Today, America spends more on defense than at any time since the end of World War II, based on the Pentagon's own official budget data. The previous high point in post-World War II defense spending was 1952 - during the Korean War - at $589 billion in today's dollars. The Pentagon's budget request for the current fiscal year totals $670 billion, or a substantial 14 percent above the previous high water mark.

U.S. defense spending is now also larger than the rest of the world - combined. The CIA's 2007 Word Fact Book estimates all other nations to spend about $400 billion on defense.

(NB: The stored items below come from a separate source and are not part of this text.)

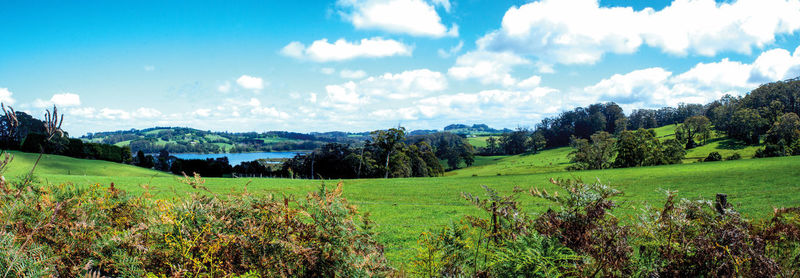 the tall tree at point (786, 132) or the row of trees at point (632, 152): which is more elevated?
the tall tree at point (786, 132)

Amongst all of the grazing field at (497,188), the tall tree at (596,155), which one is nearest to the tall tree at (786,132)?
the tall tree at (596,155)

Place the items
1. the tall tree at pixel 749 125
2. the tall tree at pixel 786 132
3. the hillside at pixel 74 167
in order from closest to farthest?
the hillside at pixel 74 167 < the tall tree at pixel 786 132 < the tall tree at pixel 749 125

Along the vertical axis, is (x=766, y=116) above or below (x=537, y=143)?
above

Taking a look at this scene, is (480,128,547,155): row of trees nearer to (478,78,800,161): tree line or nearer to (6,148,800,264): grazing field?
(478,78,800,161): tree line

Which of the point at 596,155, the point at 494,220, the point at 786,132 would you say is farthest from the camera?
the point at 786,132

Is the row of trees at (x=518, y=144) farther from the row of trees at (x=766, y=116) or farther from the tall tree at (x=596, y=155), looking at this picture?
the tall tree at (x=596, y=155)

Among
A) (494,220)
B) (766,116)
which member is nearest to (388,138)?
(494,220)

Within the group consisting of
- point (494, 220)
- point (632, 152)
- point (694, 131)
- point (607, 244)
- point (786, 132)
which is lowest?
point (632, 152)

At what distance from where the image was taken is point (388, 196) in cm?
2759

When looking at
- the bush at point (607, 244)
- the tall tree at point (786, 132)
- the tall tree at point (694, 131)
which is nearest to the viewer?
the bush at point (607, 244)

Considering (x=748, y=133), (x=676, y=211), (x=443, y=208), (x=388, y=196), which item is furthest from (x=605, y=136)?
(x=676, y=211)

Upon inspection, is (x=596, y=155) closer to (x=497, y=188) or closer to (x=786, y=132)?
(x=786, y=132)

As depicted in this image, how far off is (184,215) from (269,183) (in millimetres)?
33304

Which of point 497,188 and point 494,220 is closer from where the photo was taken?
point 494,220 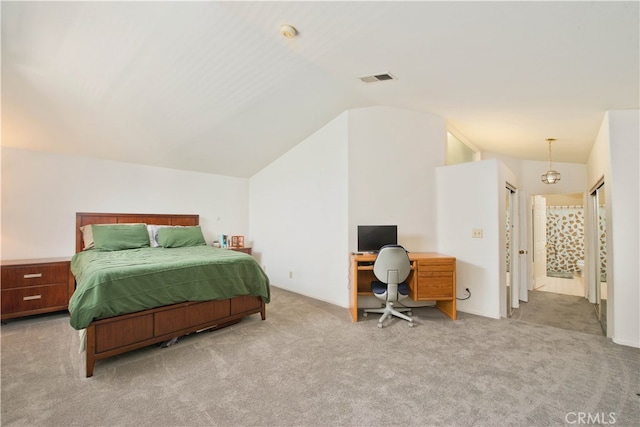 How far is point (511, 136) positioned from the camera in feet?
13.7

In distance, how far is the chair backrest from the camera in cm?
320

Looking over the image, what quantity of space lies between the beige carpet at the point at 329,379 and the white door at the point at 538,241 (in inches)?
113

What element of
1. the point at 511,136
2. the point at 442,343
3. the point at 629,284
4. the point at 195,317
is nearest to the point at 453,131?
the point at 511,136

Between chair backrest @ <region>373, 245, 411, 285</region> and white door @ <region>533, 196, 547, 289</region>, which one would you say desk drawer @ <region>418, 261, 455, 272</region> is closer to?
chair backrest @ <region>373, 245, 411, 285</region>

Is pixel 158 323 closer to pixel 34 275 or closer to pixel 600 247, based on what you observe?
pixel 34 275

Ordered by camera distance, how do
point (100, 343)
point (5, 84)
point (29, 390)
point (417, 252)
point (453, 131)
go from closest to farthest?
point (29, 390) < point (100, 343) < point (5, 84) < point (417, 252) < point (453, 131)

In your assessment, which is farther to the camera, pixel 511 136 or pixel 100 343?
pixel 511 136

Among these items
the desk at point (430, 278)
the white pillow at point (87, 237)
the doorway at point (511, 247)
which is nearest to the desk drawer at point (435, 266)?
the desk at point (430, 278)

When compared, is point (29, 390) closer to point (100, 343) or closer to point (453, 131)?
point (100, 343)

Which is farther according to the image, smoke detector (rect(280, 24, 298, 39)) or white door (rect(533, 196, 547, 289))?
white door (rect(533, 196, 547, 289))

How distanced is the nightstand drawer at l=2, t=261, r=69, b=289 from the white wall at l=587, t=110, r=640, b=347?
6.41 m

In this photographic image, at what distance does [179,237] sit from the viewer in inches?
177

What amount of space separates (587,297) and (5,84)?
8.25 meters

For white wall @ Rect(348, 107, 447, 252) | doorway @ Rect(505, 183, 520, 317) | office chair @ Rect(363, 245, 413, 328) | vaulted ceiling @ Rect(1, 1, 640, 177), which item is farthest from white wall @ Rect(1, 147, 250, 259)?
doorway @ Rect(505, 183, 520, 317) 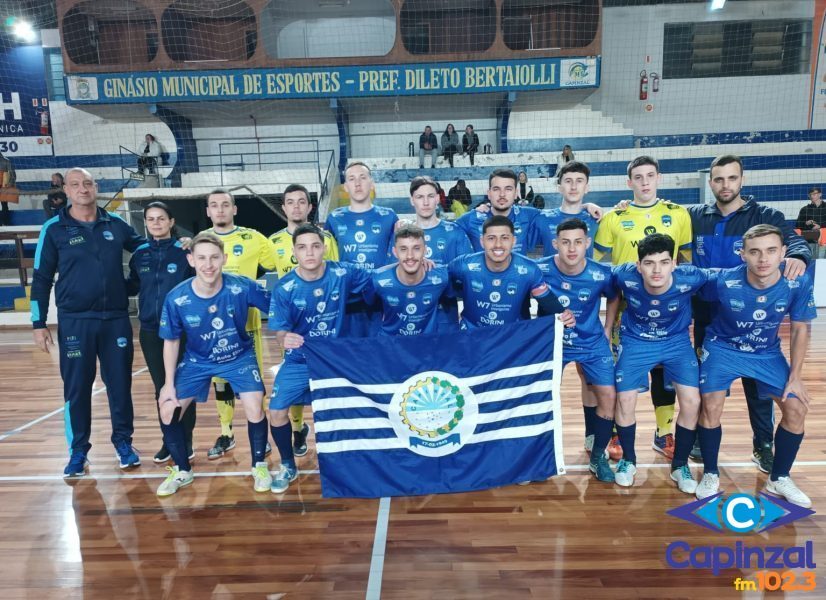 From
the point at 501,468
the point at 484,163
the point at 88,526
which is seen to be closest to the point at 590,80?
the point at 484,163

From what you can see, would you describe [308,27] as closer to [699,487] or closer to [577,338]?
[577,338]

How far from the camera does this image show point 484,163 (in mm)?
14766

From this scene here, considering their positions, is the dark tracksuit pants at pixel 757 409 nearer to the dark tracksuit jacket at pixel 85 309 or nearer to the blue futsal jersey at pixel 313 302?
the blue futsal jersey at pixel 313 302

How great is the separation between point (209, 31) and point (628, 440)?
635 inches

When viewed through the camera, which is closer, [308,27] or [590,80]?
[590,80]

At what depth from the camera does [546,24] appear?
14.9 meters

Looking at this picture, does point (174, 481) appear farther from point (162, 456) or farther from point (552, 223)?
point (552, 223)

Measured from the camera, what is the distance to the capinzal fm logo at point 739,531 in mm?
2736

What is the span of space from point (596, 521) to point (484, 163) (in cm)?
1266

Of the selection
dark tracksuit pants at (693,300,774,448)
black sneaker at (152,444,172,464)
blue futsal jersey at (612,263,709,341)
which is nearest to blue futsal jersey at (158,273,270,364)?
black sneaker at (152,444,172,464)

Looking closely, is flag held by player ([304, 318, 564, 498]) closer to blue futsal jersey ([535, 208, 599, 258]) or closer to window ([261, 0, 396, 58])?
blue futsal jersey ([535, 208, 599, 258])

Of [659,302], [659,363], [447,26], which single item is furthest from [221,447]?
[447,26]

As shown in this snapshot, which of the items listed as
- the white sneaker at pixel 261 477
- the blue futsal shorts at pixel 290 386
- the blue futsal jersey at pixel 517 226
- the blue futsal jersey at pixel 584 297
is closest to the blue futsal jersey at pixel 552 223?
the blue futsal jersey at pixel 517 226

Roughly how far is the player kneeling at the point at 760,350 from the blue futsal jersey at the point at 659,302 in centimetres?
15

That amount is for not just our potential opponents, whoever they might be; that's the entire rest of the world.

We are told we must worry about China and Russia and prepare against them . . . with defense budgets of just $81 billion and $21 billion, respectively, according to the CIA. . . .

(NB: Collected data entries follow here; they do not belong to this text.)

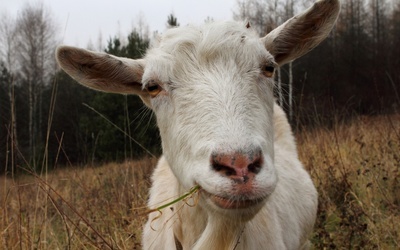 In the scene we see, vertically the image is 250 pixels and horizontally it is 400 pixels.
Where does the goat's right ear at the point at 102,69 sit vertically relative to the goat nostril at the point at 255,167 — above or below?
above

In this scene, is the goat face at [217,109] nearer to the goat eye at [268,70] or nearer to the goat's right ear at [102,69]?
the goat eye at [268,70]

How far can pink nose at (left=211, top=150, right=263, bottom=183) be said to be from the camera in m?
2.00

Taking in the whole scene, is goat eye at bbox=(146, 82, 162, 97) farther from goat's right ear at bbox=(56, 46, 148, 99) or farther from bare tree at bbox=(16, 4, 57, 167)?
bare tree at bbox=(16, 4, 57, 167)

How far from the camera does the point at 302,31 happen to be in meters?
3.16

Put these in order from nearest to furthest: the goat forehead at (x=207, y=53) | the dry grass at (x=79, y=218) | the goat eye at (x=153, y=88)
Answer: the goat forehead at (x=207, y=53) → the goat eye at (x=153, y=88) → the dry grass at (x=79, y=218)

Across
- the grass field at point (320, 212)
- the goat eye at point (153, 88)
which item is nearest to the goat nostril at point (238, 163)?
the grass field at point (320, 212)

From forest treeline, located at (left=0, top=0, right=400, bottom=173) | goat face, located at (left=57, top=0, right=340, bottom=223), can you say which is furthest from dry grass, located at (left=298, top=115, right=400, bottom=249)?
forest treeline, located at (left=0, top=0, right=400, bottom=173)

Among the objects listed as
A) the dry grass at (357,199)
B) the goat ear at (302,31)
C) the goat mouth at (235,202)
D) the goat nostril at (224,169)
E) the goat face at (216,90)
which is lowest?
the dry grass at (357,199)

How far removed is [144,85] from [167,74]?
22 centimetres

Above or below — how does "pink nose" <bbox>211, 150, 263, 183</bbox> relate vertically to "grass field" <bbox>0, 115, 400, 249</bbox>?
above

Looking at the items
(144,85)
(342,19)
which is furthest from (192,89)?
(342,19)

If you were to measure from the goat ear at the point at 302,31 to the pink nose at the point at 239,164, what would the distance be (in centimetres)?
132

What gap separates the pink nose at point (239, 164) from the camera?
78.9 inches

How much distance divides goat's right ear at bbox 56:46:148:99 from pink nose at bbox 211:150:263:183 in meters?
1.25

Today, we have the smallest defense inventory since 1946. For example, with a spending level considerably higher than in 1985 when the Cold War raged and after Ronald Reagan increased the Defense Department's budget, we have now 10 active Army divisions, not the 17 we had in 1985; less than 300 naval combatants - compared to 542 in 1985, and we have just over 12 active Air Force tactical air wings, not 25.

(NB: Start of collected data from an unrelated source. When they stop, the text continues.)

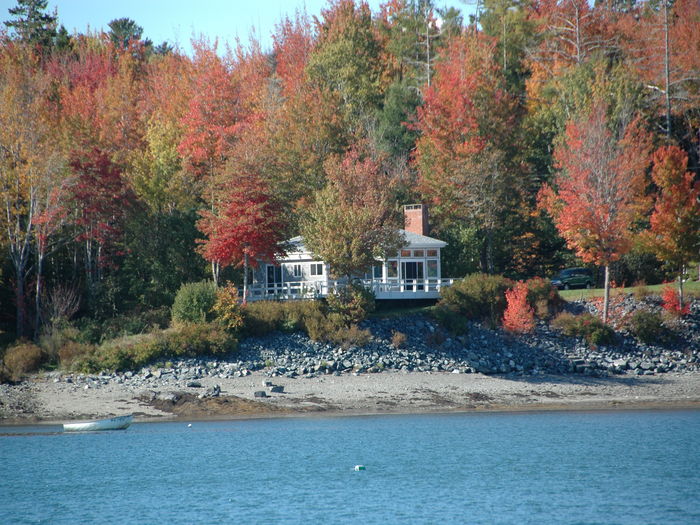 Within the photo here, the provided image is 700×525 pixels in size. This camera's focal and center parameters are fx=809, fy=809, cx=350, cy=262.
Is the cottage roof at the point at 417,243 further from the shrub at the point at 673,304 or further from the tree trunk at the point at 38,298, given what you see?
the tree trunk at the point at 38,298

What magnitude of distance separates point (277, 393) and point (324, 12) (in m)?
49.0

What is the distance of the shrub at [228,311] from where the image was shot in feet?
135

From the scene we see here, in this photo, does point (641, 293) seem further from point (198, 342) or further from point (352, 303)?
point (198, 342)

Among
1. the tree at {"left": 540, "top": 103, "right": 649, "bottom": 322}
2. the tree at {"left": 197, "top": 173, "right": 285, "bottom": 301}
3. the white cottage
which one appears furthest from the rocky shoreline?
the tree at {"left": 197, "top": 173, "right": 285, "bottom": 301}

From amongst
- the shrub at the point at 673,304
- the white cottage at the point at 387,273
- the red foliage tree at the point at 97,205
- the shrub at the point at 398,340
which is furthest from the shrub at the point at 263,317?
the shrub at the point at 673,304

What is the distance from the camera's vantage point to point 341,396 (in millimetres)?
36062

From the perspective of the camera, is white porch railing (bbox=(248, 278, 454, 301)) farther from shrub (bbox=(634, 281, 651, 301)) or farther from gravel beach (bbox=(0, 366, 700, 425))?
shrub (bbox=(634, 281, 651, 301))

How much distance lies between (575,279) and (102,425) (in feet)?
110

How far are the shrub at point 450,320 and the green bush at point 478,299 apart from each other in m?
0.63

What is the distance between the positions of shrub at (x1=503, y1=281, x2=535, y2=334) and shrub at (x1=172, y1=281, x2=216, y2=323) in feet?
51.6

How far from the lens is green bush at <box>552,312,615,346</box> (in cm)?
4259

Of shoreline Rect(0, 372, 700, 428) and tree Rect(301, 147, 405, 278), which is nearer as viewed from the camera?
shoreline Rect(0, 372, 700, 428)

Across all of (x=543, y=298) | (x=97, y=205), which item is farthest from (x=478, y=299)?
(x=97, y=205)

The authors from the veterans of the fighter establishment of the U.S. Air Force, go ont to argue the F-22 as a case in point of overspending, for a variety of reasons, some sensible and some of which I disagree with them upon.

I do agree, however, that we can be smarter in spending our defense dollars.

From here.


Andrew Oh-Willeke said...

A good comment to the original at the link:

"Basic issue is that instead of getting 80% of the capability at 20% of the cost, we get 90% of the promised capability at 300% of the cost. That is a fundamentally bad tradeoff. There is also the issue of carrying cost. A $1 bn ship will cost not only the typical (rule of thumb) cost of 25% of the cost of the ship over five years, but also a carrying cost of about 5% a year- (the price of debt), or about as much as it costs to operate.

The clear way to solve this problem is to charge the military budget for a capital carrying cost, just like in private industry. There is a real economic cost in carrying stuff 'just in case'. Not to say we shouldn't be prepared, just that there are real costs here which are not recognized in the budget."

Andrew Oh-Willeke said...
This comment has been removed by the author.
Anonymous said...

I'm sure that the collapse of the USSR was due in part to their attempt to keep military parity with the US. They just couldn't afford to keep up with us. I wouldn't be surprised if the current massive military spending doesn't have the opposite effect to making us a stronger and more secure nation. Is there a parallel to decline and fall of the Roman empire? The follies of history tend to repeat themselves. Also, I can understand why 3rd world countries like Iran want nuclear weapons and loads of relatively cheap ballistic missiles. The Pentagons own computer simulations show that either the Chinese or the Iranians would sink our billions of dollars fleet in the event of war by raining missiles down on the ships from every directions. How much of the Pentagon's budget is used to fight the types of wars of the last century? I dare say, way too much is.